Hold on. Where did those rational thoughts and complete sentences come from? Mom has been talking in alphabet soup recently, I haven’t heard her make much sense in weeks. Clearly this is one of those breaks in the Alzheimers clouds: a moment of clarity amidst the chaos and confusion. Well-intentioned brother Eddy and niece Catherine try to buoy her flagging spirits.
“What do you mean? You’re fine. You won all the games this afternoon. You’re doing great.” Eddy is ever supportive.
“Yeah Patty. What are you talking about? Everything’s okay. You’re amazing.” Catherine chimes in.
“No I’m not. I can’t do anything like I used to. Something’s wrong.” Mom’s voice cracks. She’s about to cry. “I’m not the same. I don’t know why and I don’t know what to do.” The thing is, she’s right. She’s not okay. Far from it. She’s living and dying with Alzheimer’s disease. That’s the truth of it. And even though she doesn’t know it, at some level she does. Somewhere inside lies a deep pool of knowing, and I’m about to see her reflected in it. I push my chair from the table, and start to get up.
“Come on Mom. You can help me with the dishes. Okay?” I say.
“Okay.” She whispers. The kitchen is familiar territory. The sink, drawers, cupboards, and counters feel safe. She’s helped me with small tasks before; she knows instinctively how and what to do. But she doesn’t head for the dishwasher. Instead (with my help), she lowers herself (turn, reverse, sit!) in the rabbit-eared antique chair I brought from her own kitchen in her own house to this rented home of mine.
“I’m so tired Punkie.” Her mouth says the words, but her spirit is at the helm. I know immediately she’s not talking about being physically exhausted, or about wanting to go to bed. She’s telling me she’s worn out by this illness, and everything that goes with it: the confusion, the indignity, the anger, the frustration, the shit–both literal and figurative–etcetera after crushing etcetera. That’s what she means; it’s as clear to me as blue sky on a cloudless day. It’s no wonder she’s distraught. She feels like she’s caving in on herself. And all I can do is stand there and watch, helpless. I squat in front of her; take her hands in mine; look her straight in the eye.
“I know Mom,” I say.
“I know Mom,” I repeat and squeeze her hands gently; I don’t want to bruise her. “Mom, you can go home when you want. You and God can decide when. Are you ready to go now Mom?”

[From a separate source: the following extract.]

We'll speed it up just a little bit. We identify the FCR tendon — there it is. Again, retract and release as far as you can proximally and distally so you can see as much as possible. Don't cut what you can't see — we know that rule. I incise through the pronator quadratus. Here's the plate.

“I don’t know. I have to go to the peeps.” Her physical needs interrupt our metaphysical discussion.
“Okay Mom. Let’s go,” I say. We shuffle out of the kitchen, past Eddy and Catherine who remain at the table chatting.
“We’re going to the peeps.” I state the obvious. “Back in a minute.” Maneuvering Mom into the bathroom and onto the toilet is a bit like backing up a semi-trailer–it takes practice and patience. I’ve got lots of both under my belt. I remove her soiled “pad” (a euphemism for adult hygiene product/diaper) turn on the tap for inspiration (which produces the desired result), and wait ‘til she’s done. Then I clean between her legs, help her to her feet again, put on a new pad, and pull her pants back up. I’ve never changed a baby before, but I’ve changed my Mom. How ironic. Bodily functions out of the way, I check to see if her deeper/higher self is still with us.
“All good Mom?
“Yeah.” She pauses. “Punkie, I’m tired. But I don’t want to go yet. I’ll miss you. We still have lots of fun together.” There goes my heart (for the umpteenth time), and on goes the tap (not the one in the sink). I wrap my arms around her.

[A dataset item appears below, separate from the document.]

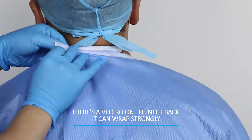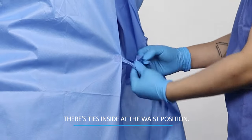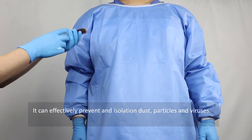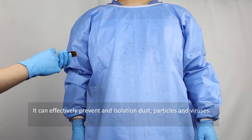There's a velcro on the neck back — it can wrap strongly. There's also a tie inside at the waist position, which can effectively prevent and isolate dust particles.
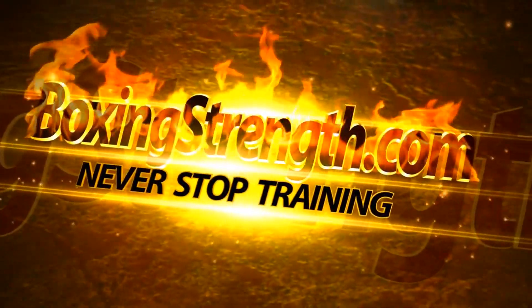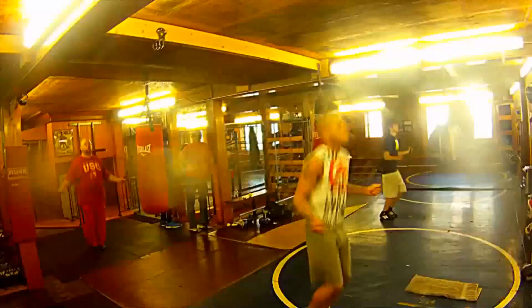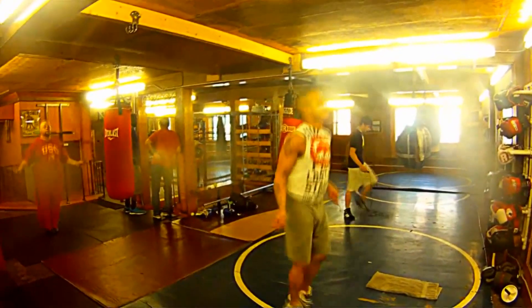Today I got a video for you guys on just a pro workout, because I get a lot of questions from amateurs about turning pro, what it takes. I mean, it doesn't take that much. Kevin still works 50 hours a week. He's a 5-and-0 pro, and here's a sample practice.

“It’s okay Mom, you can decide to go whenever you want,” I reassure her through my tears. “Gran and Auntie Lee and Auntie Jean’o are waiting for you. They’ll be there when you get there. It’s okay. You and God can decide when it’s time to go. It’s up to you.”
“Ok Punk,” she says. The clouds close ranks, and the shaft of light retreats into the heavens behind them.

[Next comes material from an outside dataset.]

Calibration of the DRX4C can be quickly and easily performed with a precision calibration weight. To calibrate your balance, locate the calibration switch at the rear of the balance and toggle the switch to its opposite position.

“Do you wanna’ wash your hands Mom?”
“My hands? These are my hands.” She holds them out, palm upwards.
“Do you want to wash them, Mom?”
“Where?” She looks at the sink, touches the tap. Neither registers.
“In the sink, Mom.”
“Where’s the sink?” She’s still looking at it, with her hand on the tap.
“This is the sink, Mom,” I touch the cold porcelain. “Can I help you with the tap?”
“Okay,” she says.
I put my hand on hers, and together we open the flow.